Rosie and Randy were still searching for the National Library, which we think was located up the road and to the right. We turned left and headed back to the lunch venue at Trader Jack's. It is located on the waterfront and is considered an institution in the Cook Islands. The restaurant overlooks the ocean on two levels, one of which has the bar and casual picnic tables. One of their specialties is pizza….right up our alley. So we went up to the balcony and got a table for two right away. Lucky as the place was about full already since they had opened at 11am. We ordered two draft Trader Lagers, local brew, and a Hawaiian pizza to share. The large size was about 12 inches and more than enough. And really good too. We did add a slice of decadent-again chocolate cake with ice cream. Relaxing and taking in the views was priceless.
There is a small spit of pebbled beach right there below the restaurant, but the only ones we saw there were three local boys who could run through the sharp coral without shoes. School was out and the kids were enjoying the day like we all were. One table of four guests had ordered one of those large beakers of beer and tried sharing with everyone around them. They had a few takers, but we declined. They were not from the ship but were staying on the island for a few days from what we gathered. Somewhere we read that the Cook Islands is a hot destination for the Australians these days. Close to home for them, and the prices are good.
Time to head back, we took or time passing by the once crazy-busy marketplace that had closed up by now. The info hut at the harbor was loaded with folks doing internet or cell phone calling. The wifi must have been good here, and I had forgotten to bring the Kindle again. Got to do that in Bora Bora as some of the games have expired. A tenderboat had just arrived, and we boarded it with ease. Once outside the bulkhead, we could see the deep swells on both sides of the boat. Glad the ride was short, we boarded the ship with lots of help from the trained crew members, one of which was our assistant waiter, Debi. We were back to the room by 2:30pm and relaxed on the veranda and worked online until it was time for sail away. All of th birds we saw today were terns, and not the tropicbirds. Guess they were on a different part of this island today.
The Captain came on with his update around 4:45pm when all of the guests had come back from shore. The temperature predicted for Bora Bora was 80 degrees with winds up to 25 knots. We will have 539 nautical miles to go to reach the first French Polynesian island in two days at a speed of 18 knots more or less. He said to expect some rain, but a small percentage and 6 to 7 foot swells. The good news is that the Zaandam will enter the lagoon at Bora Bora and the tendering will be sheltered from the surrounding ocean.
Dinner was good starting with appetizers of small shrimp, hot tomato soup, and two different salads. We had decided on the sweet and sour pork, but one of us changed his order to the prime rib, something we seldom see on the dinner menu. His outside cut of meat was so good, it melted in your mouth. Should have ordered that…maybe next time. Dessert was one scoop of vanilla ice cream and a few slices of sweet watermelon. Both nice.

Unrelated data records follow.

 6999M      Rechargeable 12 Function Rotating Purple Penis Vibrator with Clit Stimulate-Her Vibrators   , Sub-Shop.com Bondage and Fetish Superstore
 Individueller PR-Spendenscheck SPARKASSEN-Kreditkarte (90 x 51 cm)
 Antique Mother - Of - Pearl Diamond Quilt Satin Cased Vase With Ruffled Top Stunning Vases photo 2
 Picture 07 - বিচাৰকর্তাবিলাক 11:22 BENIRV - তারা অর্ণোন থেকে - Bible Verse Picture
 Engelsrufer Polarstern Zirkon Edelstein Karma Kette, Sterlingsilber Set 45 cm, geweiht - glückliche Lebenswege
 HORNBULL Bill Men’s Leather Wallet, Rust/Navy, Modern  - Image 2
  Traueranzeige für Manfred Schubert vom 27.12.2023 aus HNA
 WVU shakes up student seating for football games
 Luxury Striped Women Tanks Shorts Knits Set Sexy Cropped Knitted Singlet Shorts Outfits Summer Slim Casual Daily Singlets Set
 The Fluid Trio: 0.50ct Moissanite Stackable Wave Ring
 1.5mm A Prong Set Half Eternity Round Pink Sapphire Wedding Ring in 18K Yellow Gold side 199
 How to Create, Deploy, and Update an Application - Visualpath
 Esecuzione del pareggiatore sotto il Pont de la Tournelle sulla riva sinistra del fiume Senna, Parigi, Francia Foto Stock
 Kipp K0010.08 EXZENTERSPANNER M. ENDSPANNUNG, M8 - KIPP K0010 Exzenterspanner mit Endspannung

There was entertainment this evening with the comedy of Flip Schultz from many comedy venues. Or there was a movie, Coco, in the Wajang, one of the best movies we had seen on past cruises.
There had also been another Cellar Master Dinner in the Pinnacle Grill, so the dining room seems spotty tonight. We asked manager Arsa why they scheduled these specialty dinners on a port day, and he said because the lunch venue is closed on those days, giving them more time to prepare for the dinners. Makes sense.
Really looking forward to a day at sea.